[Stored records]
==============================

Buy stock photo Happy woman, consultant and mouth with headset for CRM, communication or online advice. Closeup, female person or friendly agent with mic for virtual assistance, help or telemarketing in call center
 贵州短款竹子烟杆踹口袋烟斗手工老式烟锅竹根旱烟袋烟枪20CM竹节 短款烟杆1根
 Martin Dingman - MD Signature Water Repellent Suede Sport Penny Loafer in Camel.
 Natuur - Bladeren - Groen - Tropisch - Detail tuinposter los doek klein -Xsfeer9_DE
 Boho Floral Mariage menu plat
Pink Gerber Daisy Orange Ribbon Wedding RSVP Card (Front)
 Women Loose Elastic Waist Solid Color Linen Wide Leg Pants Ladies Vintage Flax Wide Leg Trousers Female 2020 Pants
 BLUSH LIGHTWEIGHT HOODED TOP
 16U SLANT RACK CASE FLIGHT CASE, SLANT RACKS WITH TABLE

==============================

What you are asked to do: Return exactly the lines from the line holding "贵州短款竹子烟杆踹口袋烟斗手工老式烟锅竹根旱烟袋烟枪20CM竹节 短款烟杆1根" to the last line of the data, with both of those lines included and nothing added.

Exercise result:
 贵州短款竹子烟杆踹口袋烟斗手工老式烟锅竹根旱烟袋烟枪20CM竹节 短款烟杆1根
 Martin Dingman - MD Signature Water Repellent Suede Sport Penny Loafer in Camel.
 Natuur - Bladeren - Groen - Tropisch - Detail tuinposter los doek klein -Xsfeer9_DE
 Boho Floral Mariage menu plat
Pink Gerber Daisy Orange Ribbon Wedding RSVP Card (Front)
 Women Loose Elastic Waist Solid Color Linen Wide Leg Pants Ladies Vintage Flax Wide Leg Trousers Female 2020 Pants
 BLUSH LIGHTWEIGHT HOODED TOP
 16U SLANT RACK CASE FLIGHT CASE, SLANT RACKS WITH TABLE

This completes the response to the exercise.